- Born: October 12, 1977 (age 48) Manhattan, New York
- Genres: Salsa
- Occupation: singer
- Years active: 2000–present
- Website: Kevin Ceballo's Official Website

= Kevin Ceballo =

American singer (born 1977)

Kevin Ceballo (born October 12, 1977) is a salsa music singer of Puerto Rican descent.

==Early life and education==
Ceballo's parents moved from Puerto Rico and settled in Manhattan where Ceballo was born. They were Seventh-Day Adventists and as such Ceballo was exposed to and enjoyed the gospel singing at his House of Worship. In his household "salsa" and other types of popular music were considered taboo, this however did not keep young Ceballo from listening to Latin music, which he secretly enjoyed, behind his parents back. During his teen years he came more and more into contact with the music he would grow to love.

Ceballo attended the famed High School of the Performing Arts in New York. There he dreamed of pursuing a career in singing and acting. At times when he was not in school, Ceballo would sing as back-up for any local salsa group that would require his services.

==Singing debut==
In 1997, Ceballo caught the attention of pianist Isidro Infante, while singing at a local night club. Infante was impressed with Kevin and asked him if he would like to join his group as one of the lead singers. He took Infante up on his offer and soon was featured in the CD recording "Licencia Para Engañar" (License to Deceive), which was released in 1998. The CD included "Cuando Pienso en Tí" (When I think of You), composed by Ceballo. He traveled all over the world with Infantes band.

La India, a Puerto Rican salsa singer, asked Ceballo to sing back-up for her CD "Sobre el Fuego" (On the Fire), which was nominated for a Grammy Award.

==Solo debut==

The year 2000, was the year that Ceballo made his debut as a solo singer, when he recorded his CD Mi Primer Amor" (My First Love). The CD also featured two other compositions by him, "Que Clase de Hombre" (What kind of Man) and "Quiero Bailar" (I want to Dance). His CD became a number one hit in the Latin music charts. Ceballo was named "New Artist of the Year'. Besides singing with La India, Ceballo had also performed with Celia Cruz, Tito Puente and Eddie Palmieri.

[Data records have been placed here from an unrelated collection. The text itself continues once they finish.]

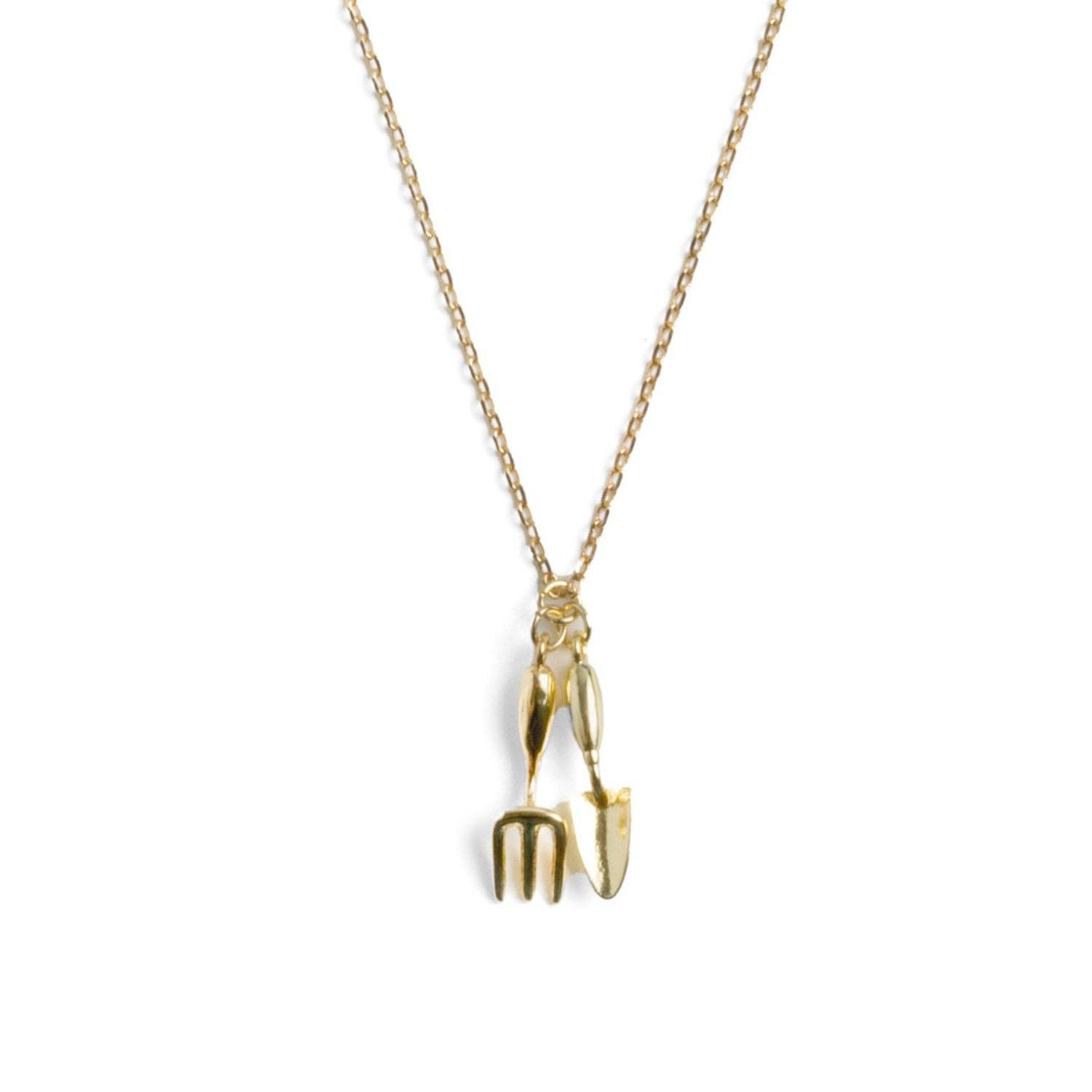 Pendant detail showing intricate tool engravings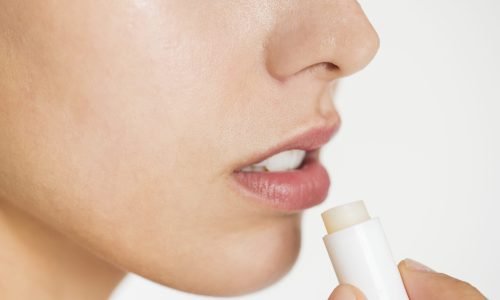 Portrait of white woman doing her daily skincare routine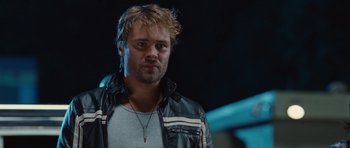 Movie still from “Footloose” (2011), directed by Craig Brewer – A person wearing a leather jacket; Close Up shot, Over the shoulder angle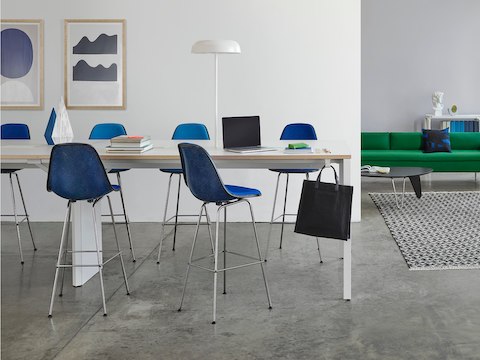 An interaction area with a Layout Studio meeting table offers a mix of seating, including a green Bolster Sofa and blue stools and side chairs.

On October 20, 2002, Ceballo headlined a free concert at the Verizon Music Festival held in Washington, D.C., with the participation of the late Celia Cruz. On April 11, 2003, Ceballo played with Jimmy Bosch at the Copacabana Nightclub in New York. That year he also recorded "Yo Soy Ese Hombre" (I'm that Man) which was produced by Infante. The album included "Eternamente Te Amaré", a salsa interpretation of the Angela Via and Frankie Negrón duet recorded in 2000. On June 26, 2004, Ceballo performed as the headliner in the "Latino Fest" celebrated at Patterson Park in Baltimore, Maryland.